::: Data for review

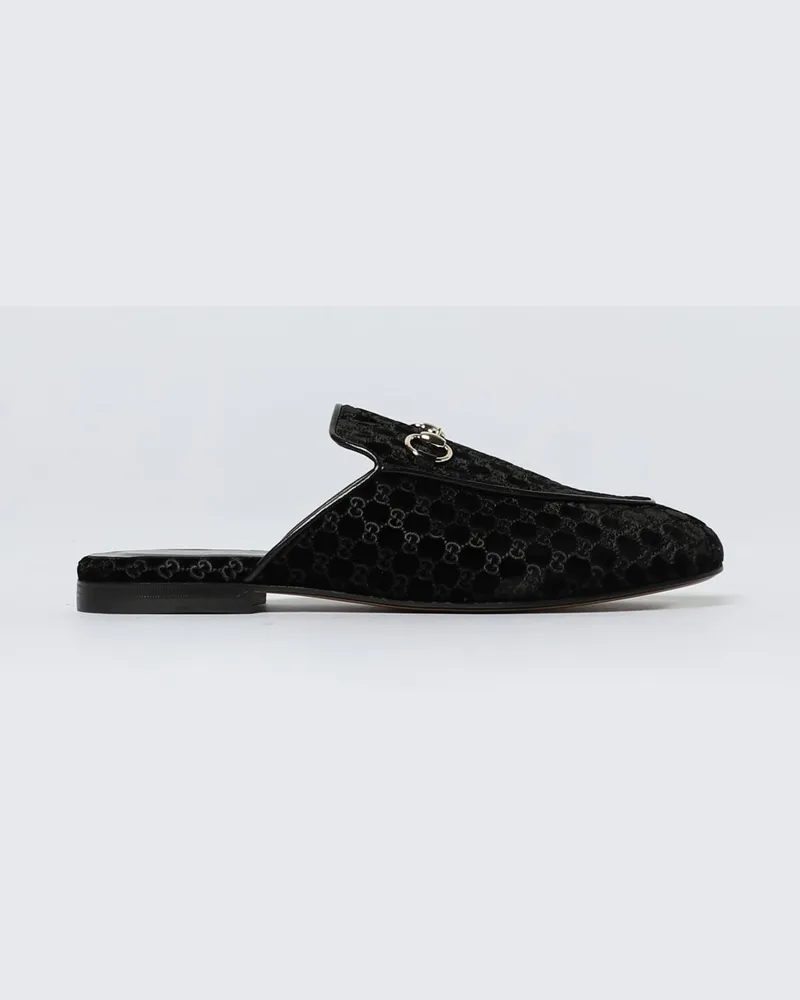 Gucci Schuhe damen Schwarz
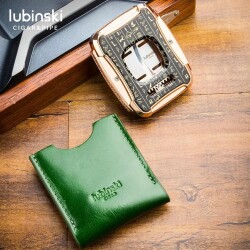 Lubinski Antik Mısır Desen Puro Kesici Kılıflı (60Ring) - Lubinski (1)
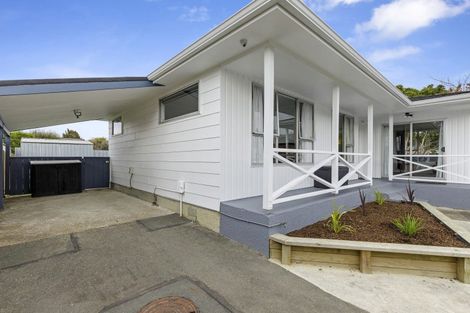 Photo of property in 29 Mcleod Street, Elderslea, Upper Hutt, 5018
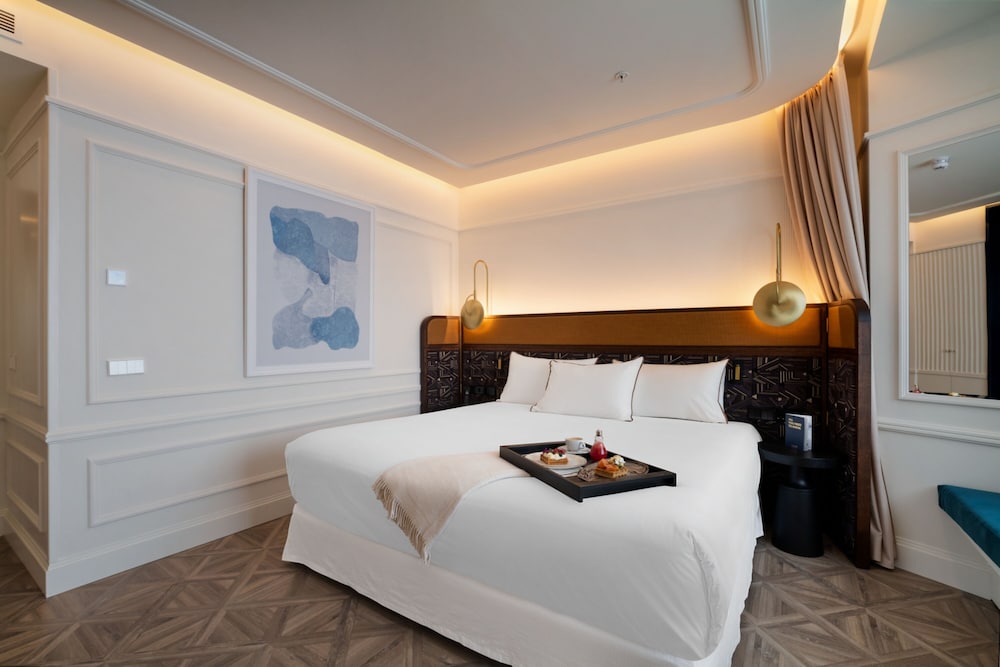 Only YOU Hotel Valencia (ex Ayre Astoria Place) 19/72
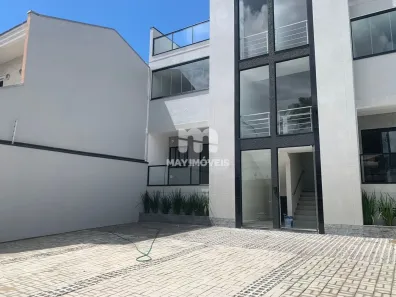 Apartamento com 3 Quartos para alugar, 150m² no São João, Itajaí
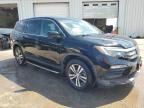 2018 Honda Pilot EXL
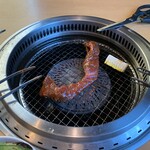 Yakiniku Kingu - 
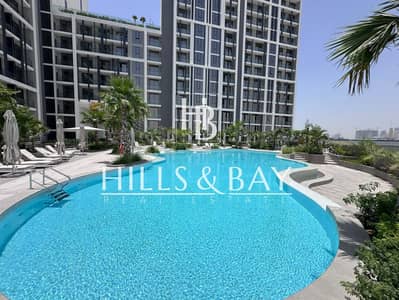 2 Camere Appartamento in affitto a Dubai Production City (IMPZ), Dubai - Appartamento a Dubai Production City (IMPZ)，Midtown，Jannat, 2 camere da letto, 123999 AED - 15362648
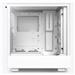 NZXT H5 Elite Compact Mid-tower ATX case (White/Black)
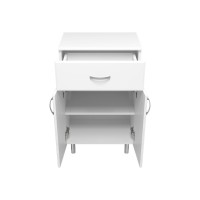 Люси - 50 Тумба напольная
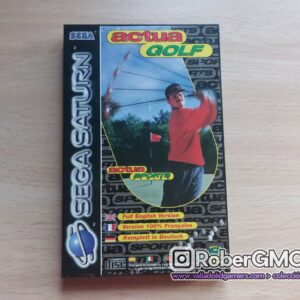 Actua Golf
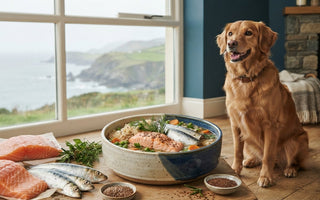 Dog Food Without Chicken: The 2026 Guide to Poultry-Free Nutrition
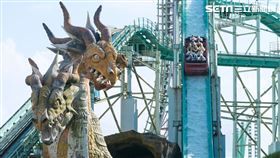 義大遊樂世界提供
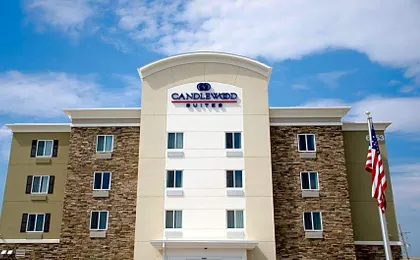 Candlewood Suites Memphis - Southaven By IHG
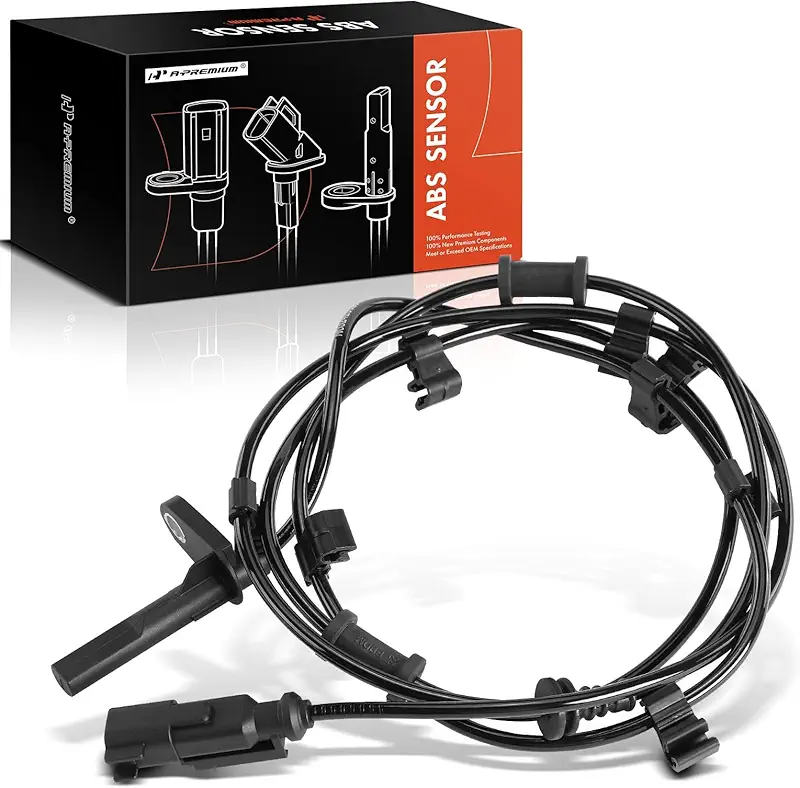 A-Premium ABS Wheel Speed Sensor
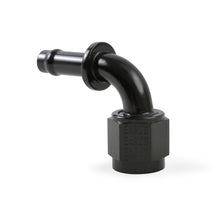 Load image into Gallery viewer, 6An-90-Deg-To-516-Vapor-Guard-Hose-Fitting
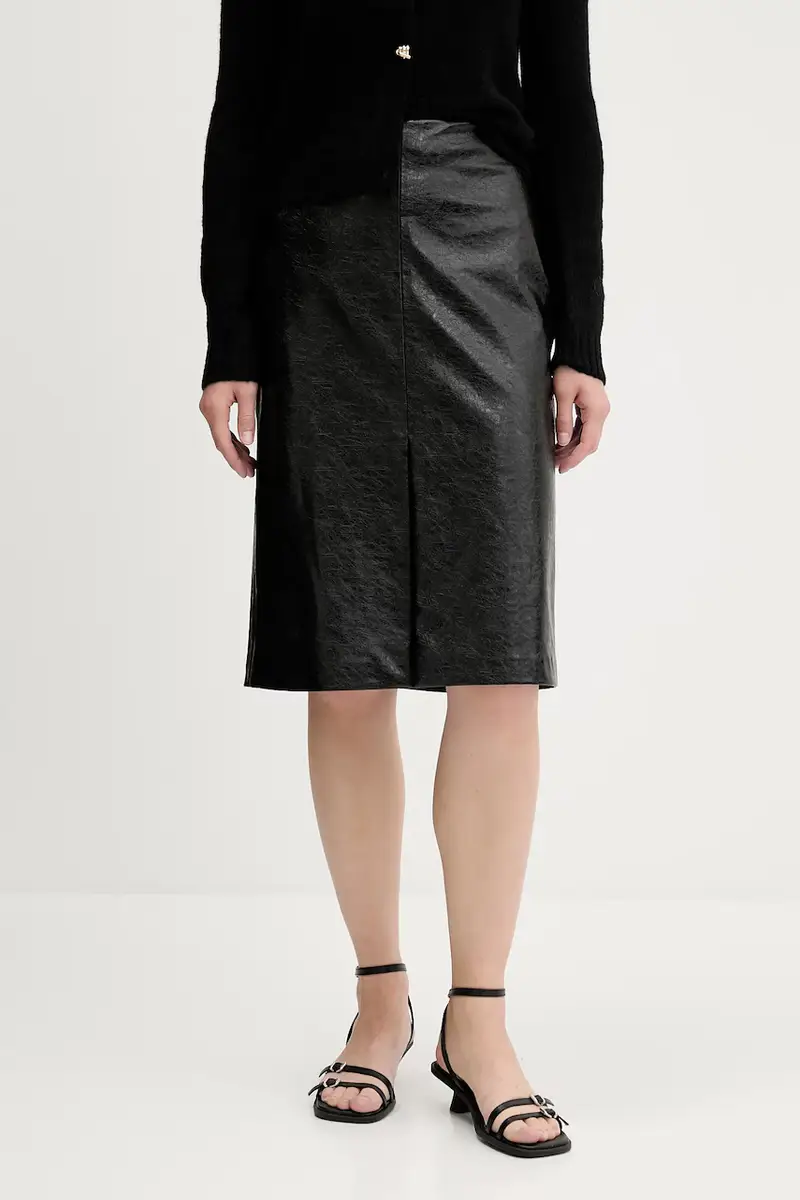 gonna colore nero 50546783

::::::
::: Data for review

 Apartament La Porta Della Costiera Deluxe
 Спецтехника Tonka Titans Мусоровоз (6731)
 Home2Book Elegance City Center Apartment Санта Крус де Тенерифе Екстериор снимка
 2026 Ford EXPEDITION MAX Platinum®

::::::

In the listing above, find the line with "Dog Food Without" and the line with "gonna colore nero 50546783". Output both, plus every line between them, and no pictures.

#### Exercise response
 Dog Food Without Chicken: The 2026 Guide to Poultry-Free Nutrition
 義大遊樂世界提供
 Candlewood Suites Memphis - Southaven By IHG
 A-Premium ABS Wheel Speed Sensor
 Load image into Gallery viewer, 6An-90-Deg-To-516-Vapor-Guard-Hose-Fitting
 gonna colore nero 50546783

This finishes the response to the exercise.